Na circunstância atual, qualquer aceleração mais forte do crescimento tenderia a deflagrar efeitos perversos sobre a inflação e sobre as contas externas. A contenção da inflação em 1999 só foi possível em razão da importante queda da massa de rendimentos da sociedade (de 5,1% em 1999). Com desemprego elevado e séria precarização das condições de emprego, houve significativa queda dos rendimentos médios reais dos trabalhadores, resultando em dois efeitos antiinflacionários: 1) caíram fortemente os custos de mão-de-obra para as empresas; 2) a demanda por bens de consumo se manteve retraída. Assim, os salários reais mais baixos auxiliaram na absorção das pressões de custo sobre as empresas decorrentes da maxidesvalorização e, de outro lado, o fraco desempenho da demanda contribuiu para disciplinar a formação de preços.
Assim, uma eventual retomada mais firme do emprego e da demanda final de consumo criaria condições para uma recomposição das margens de rentabilidade, atualmente comprimidas em várias cadeias setoriais, sob a forma de repasse aos preços das pressões de custo remanescentes.
Simultaneamente, uma recuperação mais rápida da economia tenderia a comprometer o objetivo oficial de alcançar um superávit comercial próximo a US$ 5 bilhões no ano 2000. Não se trata apenas da capacidade de melhorar substancialmente as vendas externas, cujo bom desempenho dependerá dos preços internacionais das nossas commodities de exportação. Há, de outro lado, a possibilidade de que as importações também cresçam expressivamente, apesar da desvalorização cambial, ante a lentidão do avanço do processo de substituição de importações.
Uma nova frustração das expectativas com relação à balança comercial, assim como uma eventual reaceleração da inflação, criaria sério obstáculo à continuidade do crescimento.
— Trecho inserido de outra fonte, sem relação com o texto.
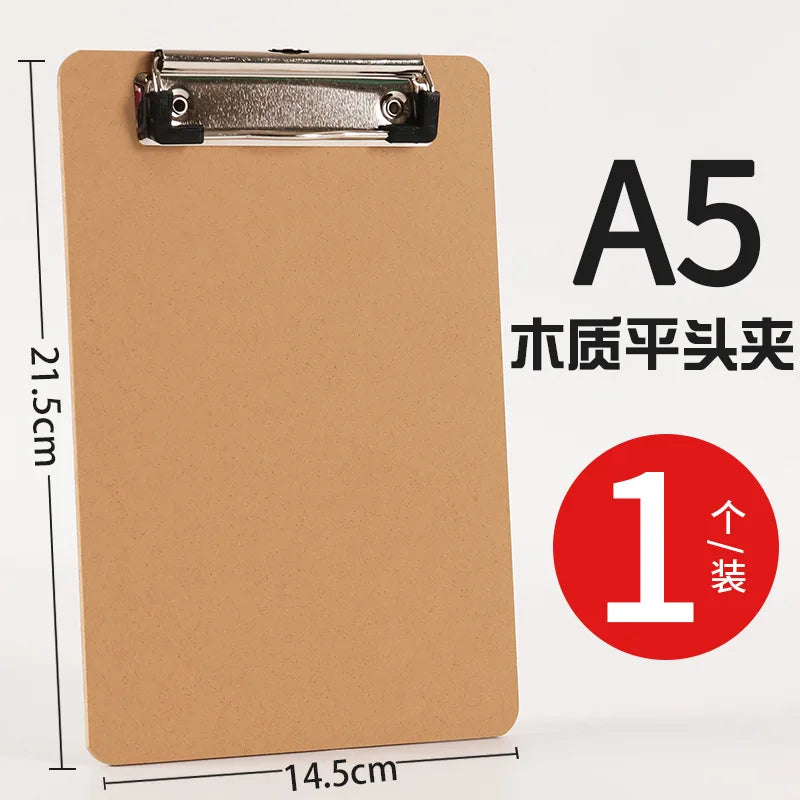 A4 Clip Board Wooden Writing Pad Folder Paper Office Supplies Organizer Clipboard Storage Box Document Pad Paper Holder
A política de juros e câmbio continua, assim, refém das vulnerabilidades.
Depois de duas décadas decepcionantes -em contraste com o avanço da 3ª Revolução Industrial nas economias desenvolvidas-, o Brasil não pode mais permanecer condenado à estagnação, à desnacionalização e à crise social desesperadora. No início de um novo século, a nossa sociedade quer poder voltar a olhar o futuro com esperança. Não tolera mais a pobreza, a violência, a corrupção, o desemprego e o desencanto.
É preciso que o governo FHC entenda isso e crie coragem e vergonha. É necessário recomeçar a construção do Brasil, interrompida pela crise dos anos 80 e desfeita pela política de câmbio sobrevalorizado. É urgente construir fundamentos sólidos para a sustentação autônoma do desenvolvimento. Isso implica obter e manter um superávit comercial de grande escala (superior a 2% do PIB) para que possa gerar divisas próprias e financiar as nossas contas externas - interrompendo-se o absurdo ciclo de alienação de ativos nacionais em serviços públicos e em outros setores "non-tradeables".
A reorganização econômica do país não pode aguardar mais tempo sem que incorramos em custos irreversíveis e riscos incomensuráveis.


Luciano Coutinho, 53, é professor titular do Instituto de Economia da Universidade de Campinas (Unicamp). Foi secretário-geral do Ministério da Ciência e Tecnologia (1985-88).